Revue de Presse Cahiers Breton 1

« Breton et eux »

Le Monde
22 novembre 2024

Il faut beaucoup de doigté et d’ardeur pour commémorer sans enterrer, et faire d’un anniversaire comme celui du premier Manifeste du surréalisme l’occasion d’un retour à la vie.
Frédéric Aribit et la petite troupe d’universitaires, écrivains et artistes qu’il a réunie dans ce premier numéro des Cahiers Breton ne manquent ni de l’un ni de l’autre. Il est vrai, écrit Aribit en ouverture, qu’André Breton « n’est pas de ceux que les modes accaparent et remodèlent aisément », et qu’il suffit d’ouvrir ses livres et ceux de ses compagnons pour ressentir l’onde de choc toujours vivace de la révolution surréaliste. C’est ce que démontrent avec brio aussi bien un entretien brûlant avec Annie Le Brun que des études sur les enjeux politiques et les circulations mondiales du Manifeste…, ou des créations de dessinateurs, photographes et poètes. Ou encore ces brefs « Breton & moi » rédigés par chaque auteur, pour rappeler qu’il s’agit, à travers l’ensemble, de cartographier des bouleversements intérieurs et l’enlacement sans fin des œuvres et des vies décrété par Breton, cet homme, écrit la philosophe Aude Juncker, qui « ne prend pas le réel pour un con mais […] le surprend en sifflant « ̋pourquoi pas ̋ ».

« Cahiers Breton 1 »

Ent’revues
Anthony Dufraisse

« À l’évocation de son nom, de sempiternelles et grotesques critiques devenues désormais des poncifs déferlent : dogmatique, pape, tyrannique, chef d’école, etc., mais jamais le mot poète n’est prononcé. Ce qui traduit bien l’absence réelle de compréhension de sa quête, car c’est bien de cela qu’il s’agit, d’une quête initiatique vers le merveilleux, ‟la surréalitéˮ présente au cœur du réel », écrit Fabrice Pascaud, membre du groupe surréaliste de Paris dans les années 1990, à propos d’André Breton (1896-1966). On peut lire ces lignes dans le tout premier numéro d’une revue que lui consacrent les décidément très précieuses Éditions des Cahiers, après des séries sur Aragon, Artaud, Bataille ou encore Leiris. La direction de la publication a été confiée à Frédéric Aribit, fin connaisseur de Breton évidemment mais aussi de Bataille, et dans le cas présent impeccable maître de cérémonie.
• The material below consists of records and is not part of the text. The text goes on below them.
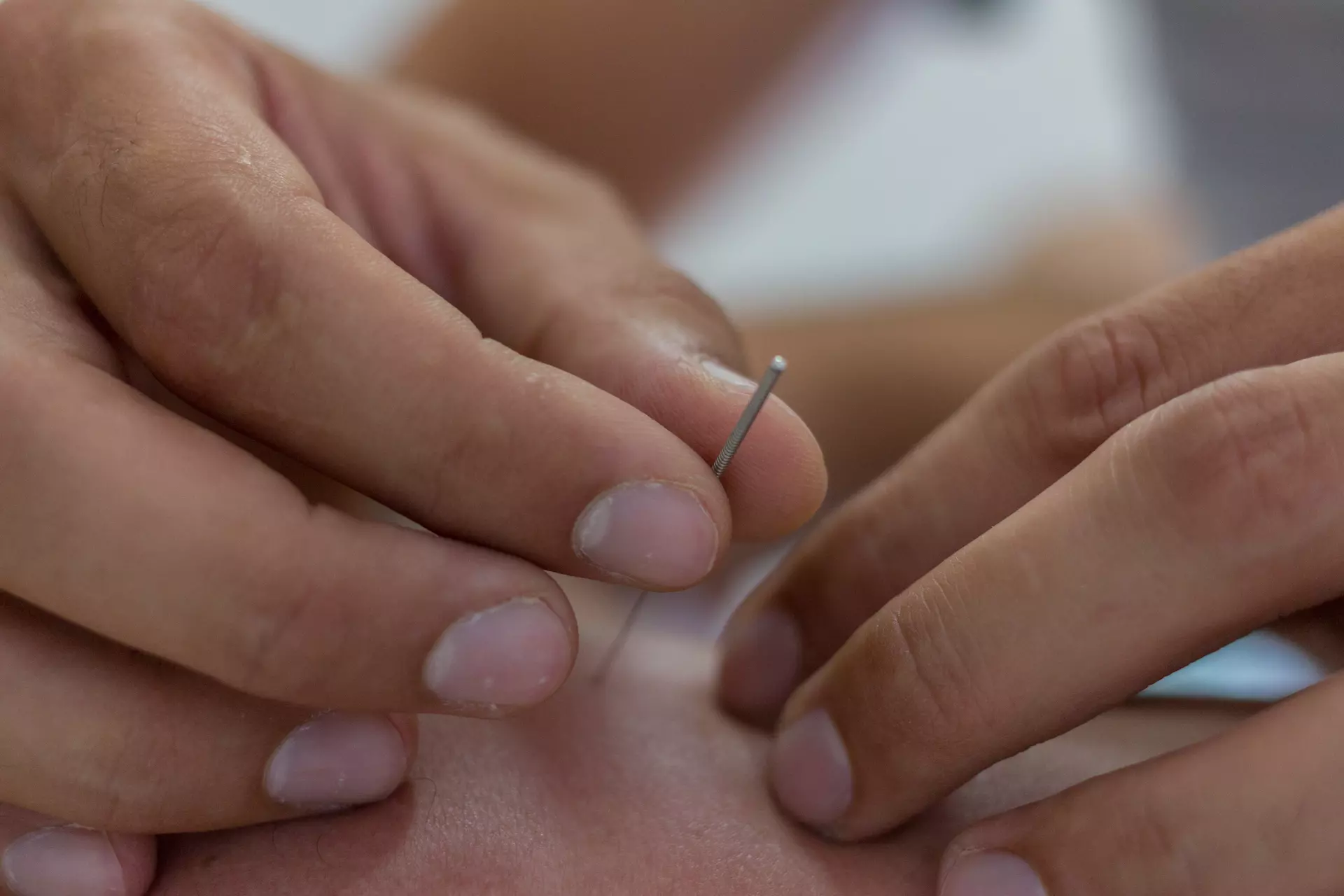 acupuncture in Chania - Physiotherapy and Trigger Point in Chania Crete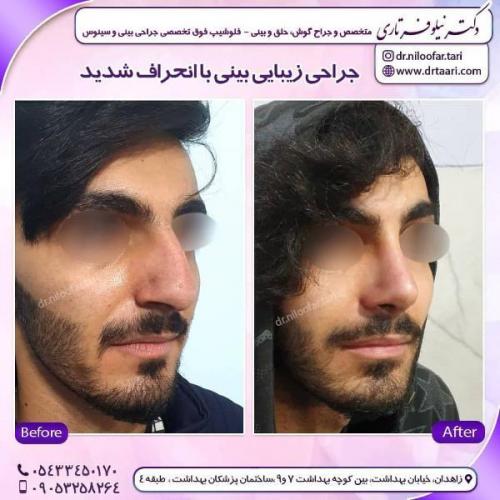 جراحی بینی 285 (59)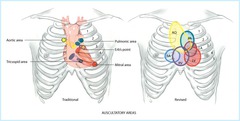 Where to auscultate aortic, pulmonic, tricuspid, mitral/apex valves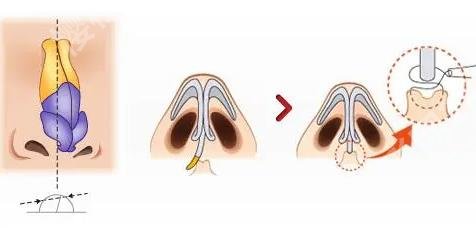 上海九院歪鼻矫正手术大概多少钱?医院核心项目技术优势盘点!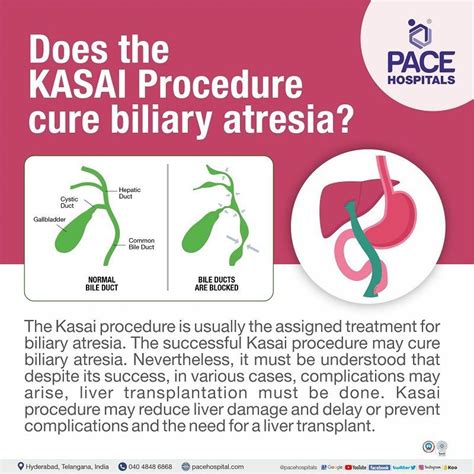 kasai procedure  hyderabad surgery indications  benefits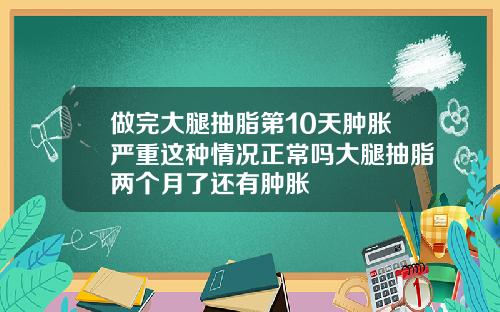 做完大腿抽脂第10天肿胀严重这种情况正常吗大腿抽脂两个月了还有肿胀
Centenaire oblige du Manifeste du surréalisme, le thème de ce numéro inaugural porte logiquement tout autant sur le fameux texte fondateur du mouvement surréaliste que sur André Breton, figure théorique motrice et artisan d’une pensée émancipatrice. Frontales, obliques ou dérivantes (comme on le dirait de filets de pêche), les contributions d’une vingtaine d’auteurs – universitaires, critiques, écrivains… – articulent avec pertinence, et sensibilité souvent, ces deux dimensions ; d’autres productions, d’artistes ou de poètes (Cristina Botta, Malou Rivoallan, Anne Wattel, Claude Bommertz, Thierry Renard…) tracent des voies plus personnelles, empruntant des chemins créatifs buissonniers, entre dessins, photos et variations poétiques. À signaler aussi car on aime beaucoup l’idée : reprenant un principe déjà utilisé dans les autres séries de revues de la maison d’édition, un court témoignage autobiographique intitulé « Breton & moi » précède chaque contribution et vient donner, en quelque sorte, sinon la nature du lien personnel qui unit l’auteur au surréaliste, du moins la tonalité du registre dans lequel le texte va s’inscrire.